After a nineteen-year hiatus, Superman has indeed Returned. Considering it followed Superman III and IV, two of the worst comic book films of all time, hell, possibly two of the worst films in general, I’m surprised this film was met with such criticism. An incredibly misunderstood and under-appreciated film, Returns doesn’t quite match the Donner directed films, but succeeds very well as a standalone sequel.

After astrologists may have discovered the remains of Superman’s homeworld of Krypton, the Man of Steel (Brandon Routh) sets off in hope of seeing his home planet for the first time in his life. An inexplicable amount of time later, Supes returns to Earth to regain his title as the world’s saviour, and the heart of the woman he loves, Lois Lane (Kate Bosworth). To his dismay, his sharp-tongued partner is married to Perry White’s (Frank Langella) young nephew, Richard (James Marsden) and is the mother to a five(?) year old son Jason. To add to his troubles, Lex Luthor (Kevin Spacey) is out of prison and he wants revenge! Spacey brings less arrogance to the role than Gene Hackman, although his sociopathic Luthor is even more loathsome.

Brandon Routh is alright as Clark Kent, although he lacks the charisma to fully portray a convincing Superman. While every movie Superman will be compared to the first and best (Christopher Reeve), it is unreasonable to expect another perfect portrayal of both Clark and Superman. Routh certainly fits the mould of a modern Superman and he is certainly a decent actor, although his “x-factor” is missing. Maybe we just look too hard for a Christopher Reeve clone. His chemistry with Kate Bosworth is all over the place (not really his fault) and his Superman seems a little forward in his actions and seems to lack the thought processes and reporter’s nous Clark should have.

On the other end of the spectrum, Kevin Spacey is completely engaging as Superman’s arch enemy. While not as arrogant and hair-needy as the Lex Luthor we’re used to, Spacey’s sociopathic, gold-digging Lex is incredible. For once, he doesn’t have a plan solely devoted to killing Superman. Maybe he learned from the piece of crap which was Nuclear Man. Instead, Lex’s plan is to develop an entirely new landmass the size of the United States, made from Kryptonite, and sell the new land off to potential developers for heaps of money. He doesn’t even mind that millions, no billions of people will die in the process.

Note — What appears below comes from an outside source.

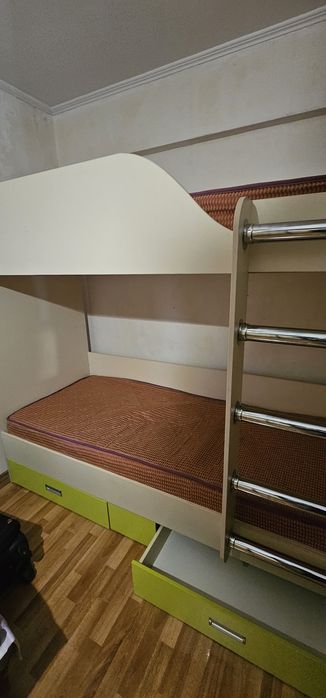 Кровать двухярусная детская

Meanwhile, Richard is convinced Clark may just be Superman and Jason’s parentage comes into question. Frank Langella is reserved as Perry White, and Sam Huntington holds a disturbing case of people worship towards “Mr. Clark.” To add to the list of disappointments, the usually sharp-tongued yet spelling-challenged Lois Lane is not only too young, but too plain. Kate Bosworth may have fit the bill to someone, but she is certainly not the image of Lois Lane not only we love, but Superman loves. Not even Clark seems too interested in her.

With a hefty run-time and plenty of “this is a sequel” garbage to get out of the way, Superman Returns was quite unlucky to not receive a sequel. The film was flat in places, and the casting choices certainly weren’t perfect, but it is rare a comic book film succeeds in all aspects. Grossing $500m in the US alone, we are left wondering how successful a deserving sequel would have been.